Accordingly, it is a primary object of the invention to provide an improved catheter, easily deployed and maneuvered to contact desired inner wall surfaces of the any cardiac chamber and sustain contact so that linear lesions can be produced as required.
Another object is to provide multi-electrode working catheter shapes that are easily deployed from sheaths or main catheters once the desired chamber is reached.
An additional object of the invention is to provide such catheter shapes capable of being readily modified to address internal surfaces of varying contour in a linear manner.
Yet another object of the invention is to provide a method of readily mapping and ablating in an atrial chamber.
Still another object of the invention is to provide an improved multi-electrode mapping and ablation catheter for deployment in an atrial chamber by accessing one atrial chamber from the other atrial chamber through the atrial septum.
Yet still another object of the invention is to provide an improved multi-electrode mapping and ablation catheter for deployment in the left atrial chamber that accesses the left atrial chamber via the inferior or superior vena cava, right atrial chamber and the atrial septum.
A further object of the invention is to provide an improved multi-electrode mapping and ablation catheter for deployment in the left atrial chamber capable of aligning multiple electrodes in any disposition with reference to the wall of that chamber.

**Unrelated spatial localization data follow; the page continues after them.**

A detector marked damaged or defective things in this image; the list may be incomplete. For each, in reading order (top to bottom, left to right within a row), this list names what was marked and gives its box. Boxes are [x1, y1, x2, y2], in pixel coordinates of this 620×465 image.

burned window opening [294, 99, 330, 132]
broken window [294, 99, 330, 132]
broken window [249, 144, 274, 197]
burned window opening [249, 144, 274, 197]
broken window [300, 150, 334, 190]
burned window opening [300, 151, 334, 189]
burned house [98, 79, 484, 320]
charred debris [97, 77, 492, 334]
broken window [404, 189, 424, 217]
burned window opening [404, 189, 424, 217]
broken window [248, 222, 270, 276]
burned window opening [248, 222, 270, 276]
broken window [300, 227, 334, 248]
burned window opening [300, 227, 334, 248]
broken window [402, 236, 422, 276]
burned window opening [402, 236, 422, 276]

A still further object of the invention is to provide a multi-electrode mapping or ablation catheter for deployment in an atrial chamber by accessing the atrial chamber via the aorta.
A yet still further object of the invention is to provide a multi-electrode mapping or ablation catheter for deployment in the left atrial chamber by accessing the left atrial chamber via the aorta and that is capable of ablating a linear lesion of any disposition within the left atrial chamber.

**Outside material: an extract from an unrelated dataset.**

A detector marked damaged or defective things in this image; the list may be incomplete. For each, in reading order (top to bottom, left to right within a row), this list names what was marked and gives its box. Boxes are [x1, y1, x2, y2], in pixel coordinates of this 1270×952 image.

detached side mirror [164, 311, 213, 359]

An additional object of the invention is to provide a multi-electrode mapping and ablation catheter deployable in a heart chamber having a plurality of shape controlling devices associated with the deployed system.

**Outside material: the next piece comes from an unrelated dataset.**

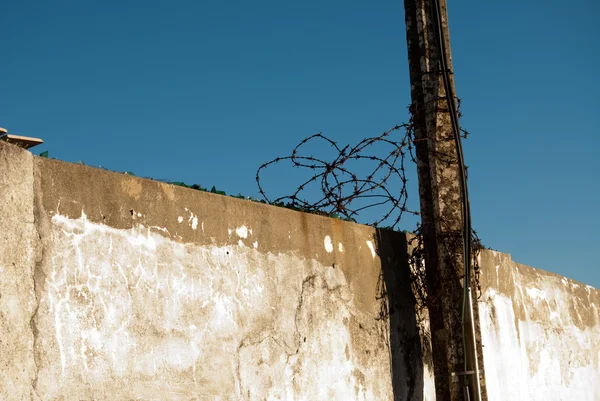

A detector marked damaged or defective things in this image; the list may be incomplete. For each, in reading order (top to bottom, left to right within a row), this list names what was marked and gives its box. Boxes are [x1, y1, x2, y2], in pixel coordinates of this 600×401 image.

rusty metal pole [400, 0, 486, 400]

Yet an additional object of the invention is to provide a multi-electrode ablation catheter with integral electrode cooling.
Another object of the invention is to provide a deployable mapping and ablation catheter for creating linear lesions in the form of a deployable ribbon loop device.
Yet another object of the invention is to provide an over the wire and a fixed wire multi-electrode mapping and ablation device with relative rotation control.
Other objects and advantages of the invention will become apparent to those skilled in the art in accordance with the descriptions and Figures of this specification.